Ainsi, force est de relever qu'une totale opacité demeure sur les modes de désignation d'AG2R Prévoyance, sur la marge de négociation dont AG2R Prévoyance a pu disposer quant aux modalités de son engagement et sur la répercussion de ces éléments sur le mode de fonctionnement du régime concerné dans son ensemble, de telle sorte que, bien que n'ayant pas de but lucratif et agissant sur le fondement du principe de solidarité, AG2R Prévoyance est une entreprise exerçant une activité économique qui se devait d'être choisie par les partenaires sociaux sur la base de considérations financières et économiques et surtout parmi d'autres entreprises avec lesquelles elle est en concurrence sur le marché des services de prévoyance qu'elle propose.

En outre, et à titre superfétatoire, il sera relevé que les dispositions de l'article L. 911-2 du Code de la sécurité sociale sur le fondement duquel a adopté l'avenant n° 83 à la convention collective nationale étendue des entreprises artisanales de la boulangerie et de la boulangerie pâtisserie, et notamment son article 13 désignant l'intimée en qualité d'organisme assureur, ont été déclarée, selon décision du Conseil constitutionnel en date du 13-6-2013, inconstitutionnelles.
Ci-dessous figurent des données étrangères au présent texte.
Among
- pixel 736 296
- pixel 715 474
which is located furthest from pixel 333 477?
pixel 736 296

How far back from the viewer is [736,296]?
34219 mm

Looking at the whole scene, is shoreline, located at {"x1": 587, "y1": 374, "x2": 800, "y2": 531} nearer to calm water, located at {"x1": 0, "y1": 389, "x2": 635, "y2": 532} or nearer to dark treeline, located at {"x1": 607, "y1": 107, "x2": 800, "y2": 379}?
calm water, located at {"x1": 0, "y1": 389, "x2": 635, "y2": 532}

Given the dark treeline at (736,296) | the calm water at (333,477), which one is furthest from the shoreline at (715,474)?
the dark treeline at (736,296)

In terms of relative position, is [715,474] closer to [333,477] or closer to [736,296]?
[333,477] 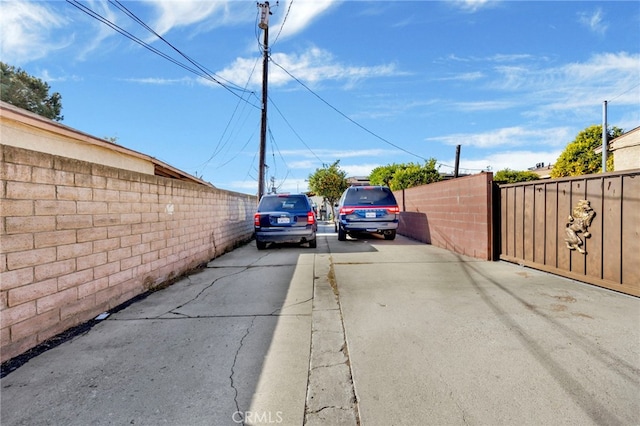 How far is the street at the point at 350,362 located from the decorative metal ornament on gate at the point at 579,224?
2.12 ft

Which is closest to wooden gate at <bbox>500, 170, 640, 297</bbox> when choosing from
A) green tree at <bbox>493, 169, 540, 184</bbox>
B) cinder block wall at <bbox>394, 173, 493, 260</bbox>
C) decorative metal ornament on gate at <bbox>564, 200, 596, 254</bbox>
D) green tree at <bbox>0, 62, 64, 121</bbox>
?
decorative metal ornament on gate at <bbox>564, 200, 596, 254</bbox>

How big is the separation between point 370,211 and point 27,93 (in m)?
23.2

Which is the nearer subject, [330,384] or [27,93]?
[330,384]

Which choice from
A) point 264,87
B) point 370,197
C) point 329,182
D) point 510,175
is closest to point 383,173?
point 329,182

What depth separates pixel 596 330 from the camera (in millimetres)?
3082

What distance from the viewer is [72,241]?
342 cm

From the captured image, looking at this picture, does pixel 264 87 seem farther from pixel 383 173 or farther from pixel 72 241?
pixel 383 173

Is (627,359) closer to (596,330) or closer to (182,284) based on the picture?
(596,330)

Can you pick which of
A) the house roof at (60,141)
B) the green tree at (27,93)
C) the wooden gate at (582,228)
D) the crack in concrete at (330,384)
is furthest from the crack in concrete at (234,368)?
the green tree at (27,93)

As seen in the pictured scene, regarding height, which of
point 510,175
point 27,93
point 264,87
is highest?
point 27,93

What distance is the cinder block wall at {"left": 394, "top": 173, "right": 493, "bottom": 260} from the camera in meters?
6.88

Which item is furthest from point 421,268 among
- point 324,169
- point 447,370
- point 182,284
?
point 324,169

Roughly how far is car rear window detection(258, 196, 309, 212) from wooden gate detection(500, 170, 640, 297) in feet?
16.7

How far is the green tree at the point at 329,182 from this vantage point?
3509cm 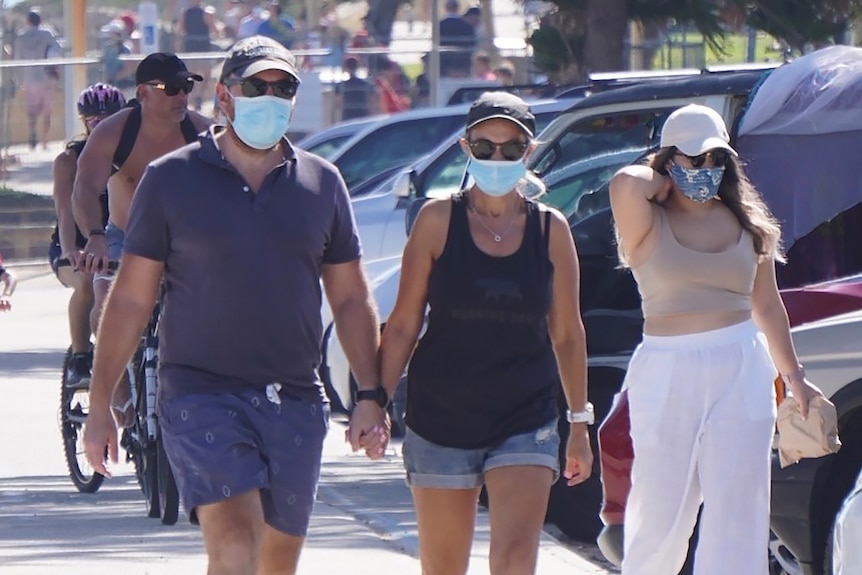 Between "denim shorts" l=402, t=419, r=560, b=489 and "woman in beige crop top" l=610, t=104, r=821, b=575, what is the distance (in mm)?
519

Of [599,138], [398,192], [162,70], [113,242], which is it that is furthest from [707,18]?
[162,70]

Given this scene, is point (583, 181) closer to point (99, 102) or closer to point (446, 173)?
point (99, 102)

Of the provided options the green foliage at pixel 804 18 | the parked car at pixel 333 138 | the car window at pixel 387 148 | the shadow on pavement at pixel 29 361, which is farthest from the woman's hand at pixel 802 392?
the parked car at pixel 333 138

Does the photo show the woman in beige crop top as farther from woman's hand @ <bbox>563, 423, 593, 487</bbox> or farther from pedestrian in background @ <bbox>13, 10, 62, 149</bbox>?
pedestrian in background @ <bbox>13, 10, 62, 149</bbox>

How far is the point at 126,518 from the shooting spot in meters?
8.43

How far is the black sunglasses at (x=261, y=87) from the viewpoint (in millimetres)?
5344

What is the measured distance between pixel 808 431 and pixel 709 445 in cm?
30

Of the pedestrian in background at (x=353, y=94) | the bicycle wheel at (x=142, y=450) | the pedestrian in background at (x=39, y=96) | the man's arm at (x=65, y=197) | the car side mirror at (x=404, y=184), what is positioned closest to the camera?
the bicycle wheel at (x=142, y=450)

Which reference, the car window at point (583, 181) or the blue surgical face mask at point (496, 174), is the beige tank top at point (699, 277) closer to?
the blue surgical face mask at point (496, 174)

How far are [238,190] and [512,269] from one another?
31.6 inches

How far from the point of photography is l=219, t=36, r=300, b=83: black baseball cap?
17.6 ft

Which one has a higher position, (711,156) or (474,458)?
(711,156)

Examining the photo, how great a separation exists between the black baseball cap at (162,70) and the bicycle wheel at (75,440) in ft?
5.74

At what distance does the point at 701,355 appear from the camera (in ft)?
19.0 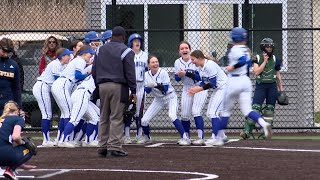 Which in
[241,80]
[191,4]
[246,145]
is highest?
[191,4]

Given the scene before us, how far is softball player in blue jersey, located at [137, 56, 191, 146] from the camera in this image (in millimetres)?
18969

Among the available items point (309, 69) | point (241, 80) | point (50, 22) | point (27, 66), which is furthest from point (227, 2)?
point (50, 22)

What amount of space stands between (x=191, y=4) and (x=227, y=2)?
2.80 feet

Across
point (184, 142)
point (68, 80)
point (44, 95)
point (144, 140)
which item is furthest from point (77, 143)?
point (184, 142)

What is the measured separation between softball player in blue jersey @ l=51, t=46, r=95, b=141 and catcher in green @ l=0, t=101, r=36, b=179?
515 cm

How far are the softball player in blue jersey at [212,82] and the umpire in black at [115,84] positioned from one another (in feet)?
8.11

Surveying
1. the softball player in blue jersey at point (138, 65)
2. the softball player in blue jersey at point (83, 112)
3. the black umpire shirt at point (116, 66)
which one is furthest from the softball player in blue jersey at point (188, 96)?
the black umpire shirt at point (116, 66)

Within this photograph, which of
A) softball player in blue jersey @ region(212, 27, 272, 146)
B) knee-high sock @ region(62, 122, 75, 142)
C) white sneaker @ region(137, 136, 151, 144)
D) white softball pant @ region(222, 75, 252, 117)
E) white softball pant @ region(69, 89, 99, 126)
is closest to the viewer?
softball player in blue jersey @ region(212, 27, 272, 146)

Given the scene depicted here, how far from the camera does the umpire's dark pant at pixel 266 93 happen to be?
68.8 ft

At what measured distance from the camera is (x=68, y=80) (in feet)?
60.6

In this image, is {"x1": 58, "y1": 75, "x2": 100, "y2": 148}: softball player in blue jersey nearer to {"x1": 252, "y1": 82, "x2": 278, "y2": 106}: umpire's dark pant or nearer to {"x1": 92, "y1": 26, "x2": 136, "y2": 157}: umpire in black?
{"x1": 92, "y1": 26, "x2": 136, "y2": 157}: umpire in black

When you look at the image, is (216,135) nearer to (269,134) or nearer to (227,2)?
(269,134)

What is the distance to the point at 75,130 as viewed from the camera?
1898cm

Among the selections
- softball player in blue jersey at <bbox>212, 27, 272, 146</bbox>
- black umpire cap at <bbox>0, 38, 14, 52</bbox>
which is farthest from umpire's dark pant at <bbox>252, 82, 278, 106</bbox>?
black umpire cap at <bbox>0, 38, 14, 52</bbox> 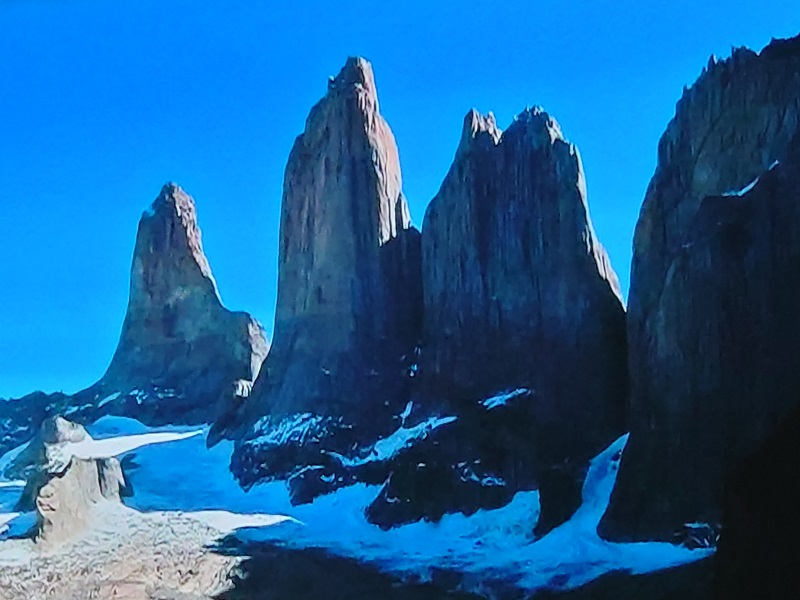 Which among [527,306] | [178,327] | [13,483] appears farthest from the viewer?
[178,327]

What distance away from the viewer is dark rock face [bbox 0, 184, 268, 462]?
386ft

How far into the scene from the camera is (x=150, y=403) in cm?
11738

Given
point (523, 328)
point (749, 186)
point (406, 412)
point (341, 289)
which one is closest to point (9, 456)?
point (341, 289)

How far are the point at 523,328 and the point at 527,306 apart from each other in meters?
1.54

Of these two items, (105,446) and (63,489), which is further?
(105,446)

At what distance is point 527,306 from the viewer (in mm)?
81125

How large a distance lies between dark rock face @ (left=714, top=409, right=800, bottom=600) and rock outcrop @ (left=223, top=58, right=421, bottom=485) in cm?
7602

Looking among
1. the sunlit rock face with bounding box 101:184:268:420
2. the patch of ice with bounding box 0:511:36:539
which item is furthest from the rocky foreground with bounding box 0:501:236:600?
the sunlit rock face with bounding box 101:184:268:420

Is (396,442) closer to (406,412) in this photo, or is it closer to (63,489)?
(406,412)

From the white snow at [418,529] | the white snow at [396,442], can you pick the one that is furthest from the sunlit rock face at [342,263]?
the white snow at [418,529]

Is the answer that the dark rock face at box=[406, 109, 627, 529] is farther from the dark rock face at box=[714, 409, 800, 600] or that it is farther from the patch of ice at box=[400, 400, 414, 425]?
the dark rock face at box=[714, 409, 800, 600]

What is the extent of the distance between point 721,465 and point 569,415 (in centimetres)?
1491

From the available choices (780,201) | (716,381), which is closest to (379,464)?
(716,381)

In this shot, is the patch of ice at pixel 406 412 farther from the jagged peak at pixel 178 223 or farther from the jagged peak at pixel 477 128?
the jagged peak at pixel 178 223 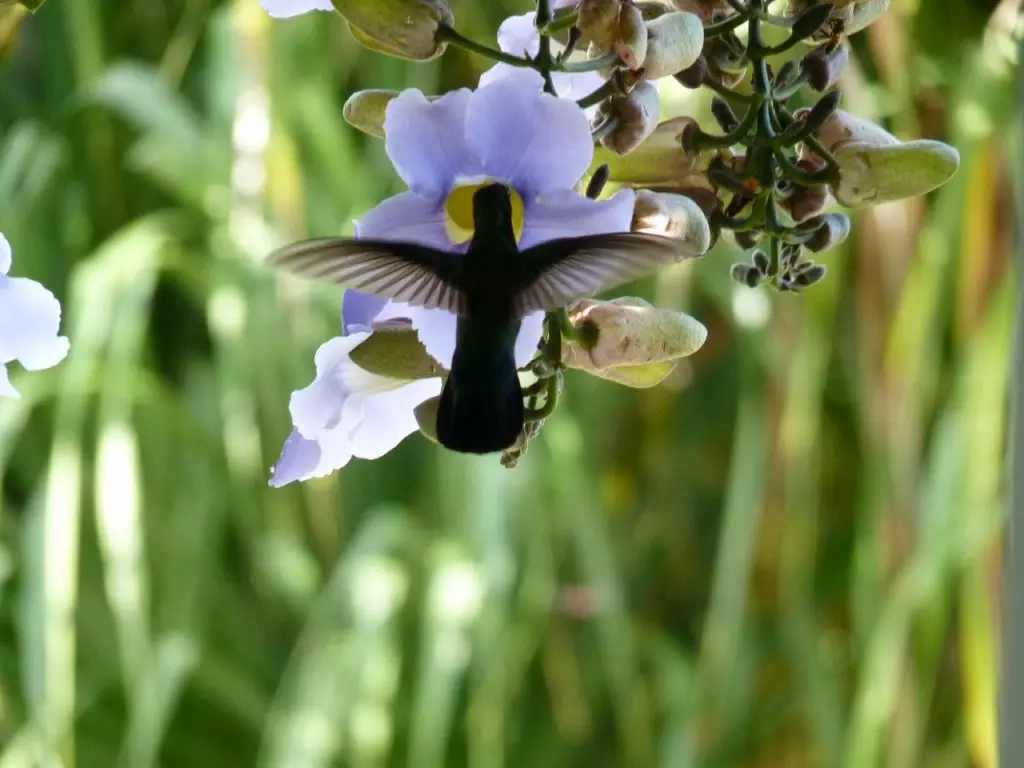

Or, si cette décision mentionne que cette déclaration d'inconstitutionnalité n'affecte pas les contrats en cours à la date de publication de cette décision, la notion de contrat en cours ainsi énoncée s'applique à l'évidence et exclusivement aux adhésions effectives des entreprises au régime mis en place par AG2R Prévoyance et non aux entreprises qui ont entendu contester le principe de cette adhésion obligatoire, ces dernières étant ainsi placées dans la même situation que les entreprises relevant de cette convention collective et crées postérieurement à la date de publication de la décision du Conseil constitutionnel.

Dès lors, il résulte de ce qui précède que la désignation d'AG2R Prévoyance n'est conforme ni au droit européen ni au droit interne de sorte que le jugement déféré doit être infirmé en toutes ses dispositions et que ses demandes ne pourront qu'être rejetées.

Compte tenu de ce qui précède, AG2R Prévoyance sera déboutée de sa demande de dommages et intérêts pour procédure abusive.

AG2R Prévoyance qui succombe supportera les dépens des deux instances et ses propres frais.

Par ces motifs LA COUR, Déclare l'appel d'AG2R Prévoyance non fondé, Infirme le jugement déféré en toutes ses dispositions, et statuant à nouveau, Déboute l'organisme AG2R Prévoyance de l'intégralité de ses demandes, Condamne l'organisme AG2R Prévoyance aux dépens des deux instances.